Supreme Court of Rhode Island.

December 29, 1989.

Alan T. Dworkin, Dworkin & Brady, Warwick, for plaintiff.

John D. Lynch, Lynch, McKiernan & Costello, Warwick, for defendant.

OPINION

MURRAY, Justice.

This case is before the court on appeal by the defendant, John P. Cloutier, Jr. (husband) from a property-settlement order of the Family Court that awarded the plaintiff, Rhoda-Ann Cloutier (wife), 80 percent of the equity in the marital domicile and alimony of $225 per week for a four-year period. The husband also claims that the trial justice erred in placing a value on the marital domicile that differed from valuations given by each party's expert witness.
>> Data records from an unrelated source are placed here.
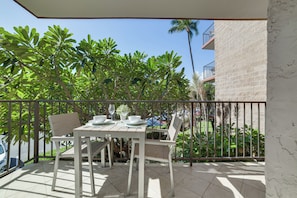 Apartment (1 Bedroom) | Interior - Kihei Haven at Village by the Sea, Steps to Beach! (Kihei)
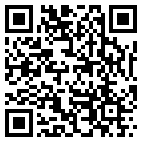QR Code for La Belle Day Spa in Springfield, MO 65804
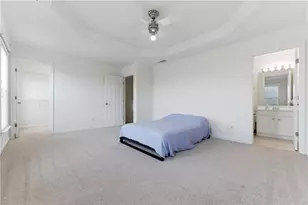 4693 Wehunt Commons Dr SE, Smyrna, GA 30082 - Photo 23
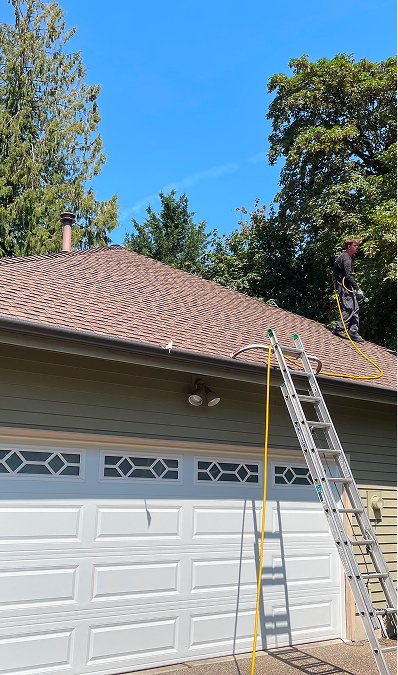 after-nw-shine-gutter-cleaning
We find that although the trial justice did not err in determining a value for the marital domicile, the division of this asset was not appropriate in light of previous decisions of this court. We therefore revise the division of the marital domicile and award the wife 60 percent rather than 80 percent of the equity in the marital domicile.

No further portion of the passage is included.